Retype the records in full, exactly as they stand.
** Opening Given entries block **
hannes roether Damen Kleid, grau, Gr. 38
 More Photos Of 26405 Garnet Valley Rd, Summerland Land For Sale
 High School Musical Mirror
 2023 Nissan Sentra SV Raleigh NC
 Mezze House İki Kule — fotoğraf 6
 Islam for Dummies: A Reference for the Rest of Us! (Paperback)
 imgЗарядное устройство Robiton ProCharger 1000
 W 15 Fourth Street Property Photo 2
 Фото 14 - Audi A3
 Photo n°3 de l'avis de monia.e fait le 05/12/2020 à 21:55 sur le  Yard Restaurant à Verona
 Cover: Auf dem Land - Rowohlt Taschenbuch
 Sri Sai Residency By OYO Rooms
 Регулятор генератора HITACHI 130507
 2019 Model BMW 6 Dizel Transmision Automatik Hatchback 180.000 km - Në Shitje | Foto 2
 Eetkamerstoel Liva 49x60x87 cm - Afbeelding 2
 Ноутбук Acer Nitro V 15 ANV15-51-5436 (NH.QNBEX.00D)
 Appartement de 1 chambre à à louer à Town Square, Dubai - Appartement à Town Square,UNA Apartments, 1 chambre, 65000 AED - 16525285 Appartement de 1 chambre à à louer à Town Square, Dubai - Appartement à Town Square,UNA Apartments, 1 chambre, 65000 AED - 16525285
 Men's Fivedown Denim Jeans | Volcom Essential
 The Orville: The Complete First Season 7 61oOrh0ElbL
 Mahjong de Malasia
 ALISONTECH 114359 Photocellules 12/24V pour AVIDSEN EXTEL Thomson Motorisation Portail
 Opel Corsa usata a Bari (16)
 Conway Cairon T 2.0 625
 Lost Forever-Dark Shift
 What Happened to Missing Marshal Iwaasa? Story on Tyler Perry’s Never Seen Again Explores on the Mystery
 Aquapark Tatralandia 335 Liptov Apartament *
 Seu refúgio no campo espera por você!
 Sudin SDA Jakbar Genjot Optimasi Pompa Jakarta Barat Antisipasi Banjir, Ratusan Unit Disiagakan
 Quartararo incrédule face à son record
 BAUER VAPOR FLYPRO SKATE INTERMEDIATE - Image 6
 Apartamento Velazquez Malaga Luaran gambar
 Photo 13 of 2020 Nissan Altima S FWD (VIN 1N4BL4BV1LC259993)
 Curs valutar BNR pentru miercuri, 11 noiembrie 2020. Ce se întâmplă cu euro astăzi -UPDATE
** Closing Given entries block **
▶ _Task solution_
hannes roether Damen Kleid, grau, Gr. 38
 More Photos Of 26405 Garnet Valley Rd, Summerland Land For Sale
 High School Musical Mirror
 2023 Nissan Sentra SV Raleigh NC
 Mezze House İki Kule — fotoğraf 6
 Islam for Dummies: A Reference for the Rest of Us! (Paperback)
 imgЗарядное устройство Robiton ProCharger 1000
 W 15 Fourth Street Property Photo 2
 Фото 14 - Audi A3
 Photo n°3 de l'avis de monia.e fait le 05/12/2020 à 21:55 sur le  Yard Restaurant à Verona
 Cover: Auf dem Land - Rowohlt Taschenbuch
 Sri Sai Residency By OYO Rooms
 Регулятор генератора HITACHI 130507
 2019 Model BMW 6 Dizel Transmision Automatik Hatchback 180.000 km - Në Shitje | Foto 2
 Eetkamerstoel Liva 49x60x87 cm - Afbeelding 2
 Ноутбук Acer Nitro V 15 ANV15-51-5436 (NH.QNBEX.00D)
 Appartement de 1 chambre à à louer à Town Square, Dubai - Appartement à Town Square,UNA Apartments, 1 chambre, 65000 AED - 16525285 Appartement de 1 chambre à à louer à Town Square, Dubai - Appartement à Town Square,UNA Apartments, 1 chambre, 65000 AED - 16525285
 Men's Fivedown Denim Jeans | Volcom Essential
 The Orville: The Complete First Season 7 61oOrh0ElbL
 Mahjong de Malasia
 ALISONTECH 114359 Photocellules 12/24V pour AVIDSEN EXTEL Thomson Motorisation Portail
 Opel Corsa usata a Bari (16)
 Conway Cairon T 2.0 625
 Lost Forever-Dark Shift
 What Happened to Missing Marshal Iwaasa? Story on Tyler Perry’s Never Seen Again Explores on the Mystery
 Aquapark Tatralandia 335 Liptov Apartament *
 Seu refúgio no campo espera por você!
 Sudin SDA Jakbar Genjot Optimasi Pompa Jakarta Barat Antisipasi Banjir, Ratusan Unit Disiagakan
 Quartararo incrédule face à son record
 BAUER VAPOR FLYPRO SKATE INTERMEDIATE - Image 6
 Apartamento Velazquez Malaga Luaran gambar
 Photo 13 of 2020 Nissan Altima S FWD (VIN 1N4BL4BV1LC259993)
 Curs valutar BNR pentru miercuri, 11 noiembrie 2020. Ce se întâmplă cu euro astăzi -UPDATE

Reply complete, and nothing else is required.